Optical parametric oscillators with pumping by femtosecond pulses for broadband lidar gas analysis of atmosphere

The middle IR or so-called "fingerprint" region of atmospheric gases is most attractive for multicomponent remote gas analysis of the atmosphere. Femtosecond lidars can be applied to this purpose. In recent years compact powerful laser systems have been developed, which emit the pulses of femtosecond duration. First of all, those are solid-state lasers based on wide-band active media: Ti 3+ :Al 2 0 3 (λ = 0.75-1 μm) and Cr 3+ :MgSiO 4 (1.2-1.32 μm). Frequency conversion of these quite promising and basic sources of super-short pulses into other spectral ranges using non-centrosymmetrical nonlinear crystals seems to be quite attractive, especially if preserving duration of the transformed radiation. Usually to overcome the problem middle IR femtosecond pulses are generating with two- or three-stage low efficiency frequency converters with nonlinear crystals. High efficiency middle IR semiconductor crystals are not suitable for one-stage generation because high optical loss at near IR. This study was aimed at search and investigation of nonlinear crystals, in which effective single-stage optical parametric oscillators. The investigation includes estimation of phase- and group-velocity matching conditions, phase-matching spectral and angular widths, and potential efficiencies.
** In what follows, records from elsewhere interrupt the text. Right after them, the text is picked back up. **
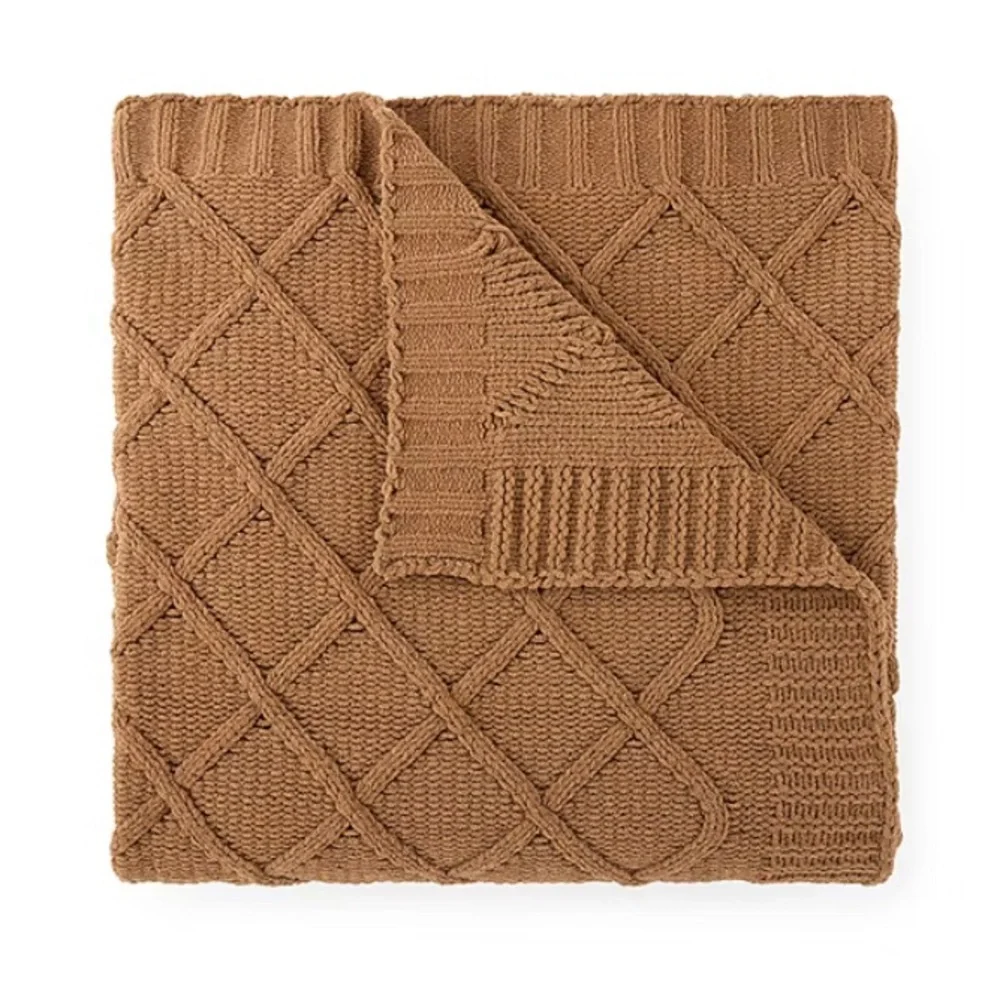 Cozy Knit Linden Street Lattice Signature Brown Throw Blanket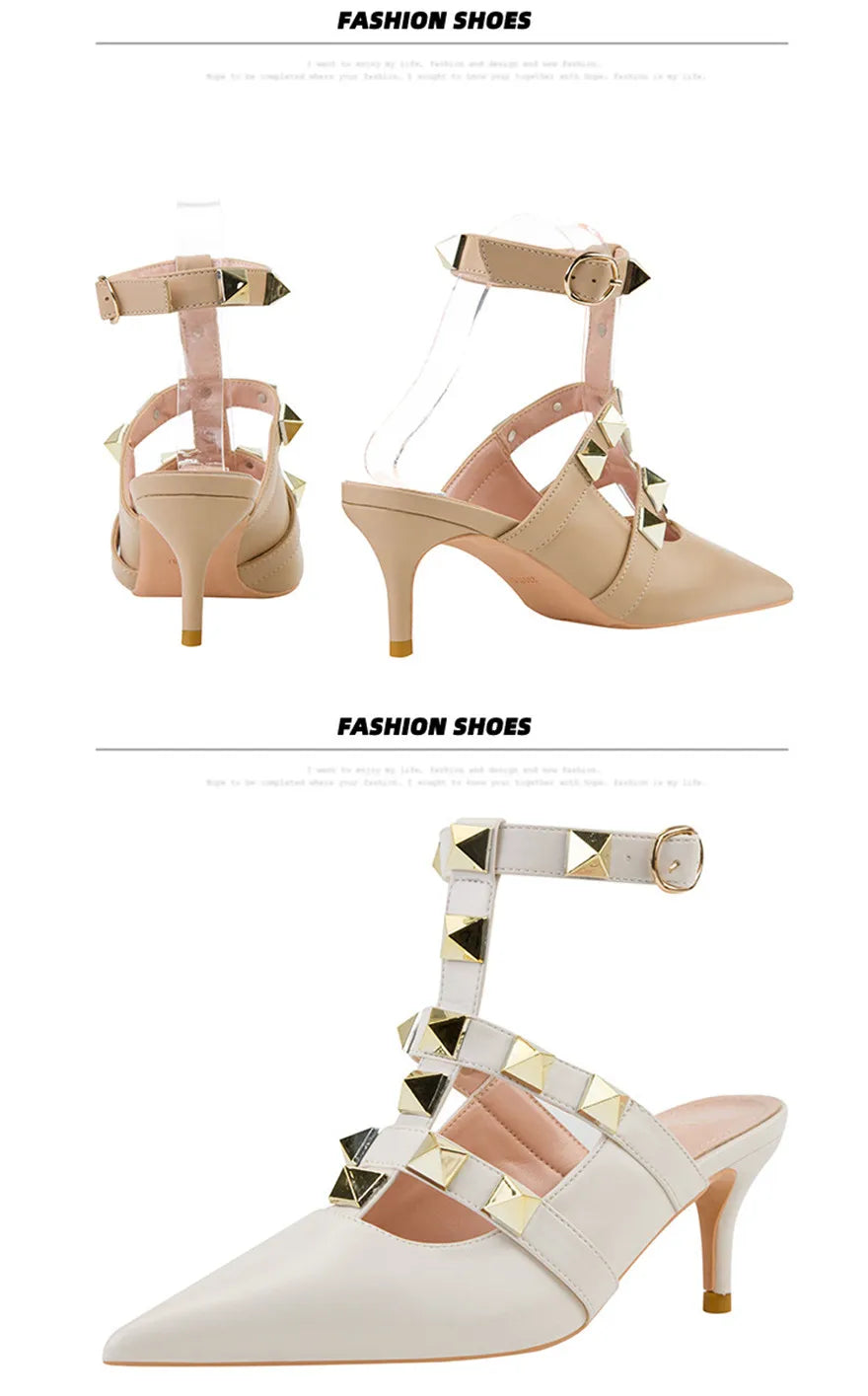 Female Rivets T-strap Sandals Pointy Toe Soft Leather Sexy Women Shoes Comfort 6CM High Heels Ladies Work Dress Shoe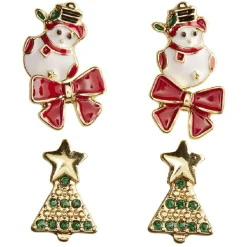Boucle d'oreille Noël x3 sapin - noeud papillon - bonhomme de neige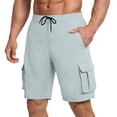 thumbnail image 6 of Resicozy Mens Cargo Shorts Lightweight Elastic Waist Knee Length Bermuda Shorts with Pockets Summer Short Cargo Pants Silver L, 6 of 7
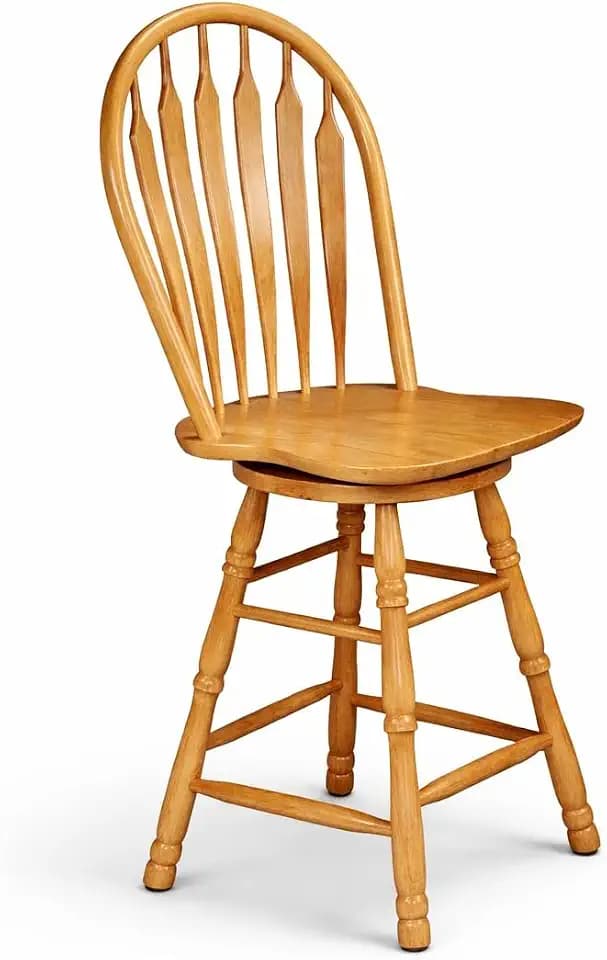 Sunset Trading Selections 24" Counter Height Swivel Barstool | Farmhouse Country Cottage Windsor Arrowback Café Stool | Light Oak Solid Wood | Dining Room Kitchen Home Bar Furniture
The possibilities of using a hyper broadband nonlinear-optical frequency converter of femtosecond pulse radiation for design of multicomponent mixture analyzers are investigated. The method of broadband lidar sensing of atmospheric gases by the DOAS-technique (Differential Optical Absorption Spectroscopy) is described. The numerical simulation of DOAS sensing of atmospheric gas components using the frequency-converted femtosecond radiation is carried out.